La geografía como arma
Irán no necesita cerrar el estrecho con una flota de guerra. Le basta con su posición privilegiada y con algunos misiles tierra-mar de medio alcance. Desde la costa iraní hasta la mitad del estrecho hay apenas 20 kilómetros. Bastaría con minarlo, desplegar lanchas rápidas o simplemente advertir a los buques que no pasen. No es la fuerza, es la amenaza.
¿Puede Estados Unidos impedirlo? Tal vez. ¿Puede reaccionar rápido? Lo dudo. ¿Puede evitar el impacto económico de solo intentarlo? Definitivamente, no. Basta que suba el miedo para que suba el precio del barril. Así funciona el mercado: no cotiza realidades, cotiza temores.
El Talón de Aquiles de la globalización
Este estrecho no solo transporta petróleo. También es el pasillo obligado para gas natural licuado, sobre todo desde Qatar. Es decir, no hablamos solo de coches o industrias, sino también de calefacción, electricidad y cocina. ¿Cómo afectaría el cierre a Europa? Directamente, poco. ¿Indirectamente? Muchísimo. Porque si Asia se ve obligada a redireccionar sus compras energéticas, entrará a competir con Europa por otros proveedores. El efecto dominó está garantizado.

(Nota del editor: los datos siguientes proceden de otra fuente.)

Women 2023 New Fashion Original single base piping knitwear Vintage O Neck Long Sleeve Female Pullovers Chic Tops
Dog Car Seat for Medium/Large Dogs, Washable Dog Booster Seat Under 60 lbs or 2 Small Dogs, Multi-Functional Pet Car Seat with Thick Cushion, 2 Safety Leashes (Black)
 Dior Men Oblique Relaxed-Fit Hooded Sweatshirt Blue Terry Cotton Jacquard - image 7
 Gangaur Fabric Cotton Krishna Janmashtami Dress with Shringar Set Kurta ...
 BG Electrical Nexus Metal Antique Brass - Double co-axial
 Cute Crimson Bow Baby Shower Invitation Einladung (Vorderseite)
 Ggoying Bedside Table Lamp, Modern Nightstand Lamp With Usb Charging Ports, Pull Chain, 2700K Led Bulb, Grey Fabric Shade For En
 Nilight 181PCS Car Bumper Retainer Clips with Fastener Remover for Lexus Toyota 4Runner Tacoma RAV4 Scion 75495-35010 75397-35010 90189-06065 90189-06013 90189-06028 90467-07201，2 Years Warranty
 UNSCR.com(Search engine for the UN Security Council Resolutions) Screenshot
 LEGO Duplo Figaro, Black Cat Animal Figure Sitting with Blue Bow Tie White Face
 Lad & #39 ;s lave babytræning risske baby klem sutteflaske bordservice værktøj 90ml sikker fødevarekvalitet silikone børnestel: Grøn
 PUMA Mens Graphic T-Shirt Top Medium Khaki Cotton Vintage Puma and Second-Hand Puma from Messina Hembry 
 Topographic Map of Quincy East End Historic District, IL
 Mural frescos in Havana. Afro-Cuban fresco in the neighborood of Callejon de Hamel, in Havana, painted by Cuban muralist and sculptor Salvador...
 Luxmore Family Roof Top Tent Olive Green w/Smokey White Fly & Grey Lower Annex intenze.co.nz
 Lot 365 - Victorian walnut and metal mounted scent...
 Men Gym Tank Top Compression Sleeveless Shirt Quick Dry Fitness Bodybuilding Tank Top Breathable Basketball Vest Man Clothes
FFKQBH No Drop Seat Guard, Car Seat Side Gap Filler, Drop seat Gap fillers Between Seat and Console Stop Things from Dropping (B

Y aquí entra en juego el llamado “riesgo sistémico”: basta una disrupción para que el sistema entero empiece a fallar como un dominó maldito. Las rutas alternativas —oleoductos, cargamentos por tierra, almacenamiento estratégico— no alcanzarían ni en volumen ni en velocidad. El mundo necesita Ormuz abierto. Y Teherán lo sabe.
Geopolítica del ahogo
El Estrecho de Ormuz es más que una vía marítima: es un rehén geopolítico. Un rehén que Irán no necesita matar para sacar provecho. Solo mostrar el cuchillo. Si las tensiones escalan en Medio Oriente —como ya ocurre con el conflicto en Gaza, la creciente hostilidad con Israel y los movimientos de las milicias chiitas—, cualquier chispa puede incendiar el canal.
El mundo juega a la ruleta rusa con el estrecho como tambor. Y mientras los líderes de las potencias se reparten sanciones y amenazas, el planeta sigue girando… sobre un barril de petróleo, con una mecha cada vez más corta.
En el fondo, nadie quiere el cierre de Ormuz. Ni Irán, que también exporta por ahí; ni Occidente, que depende de su fluidez; ni China, que observa con pragmatismo sus rutas comerciales. Pero todos juegan a tensar la cuerda sin que se rompa. Hasta que un día, claro, se rompe.
Porque lo que se juega en Ormuz no es solo petróleo. Es el límite mismo de la interdependencia global. Y como en toda relación tóxica: nadie quiere separarse, pero todos saben que con una sola palabra… se desata el caos.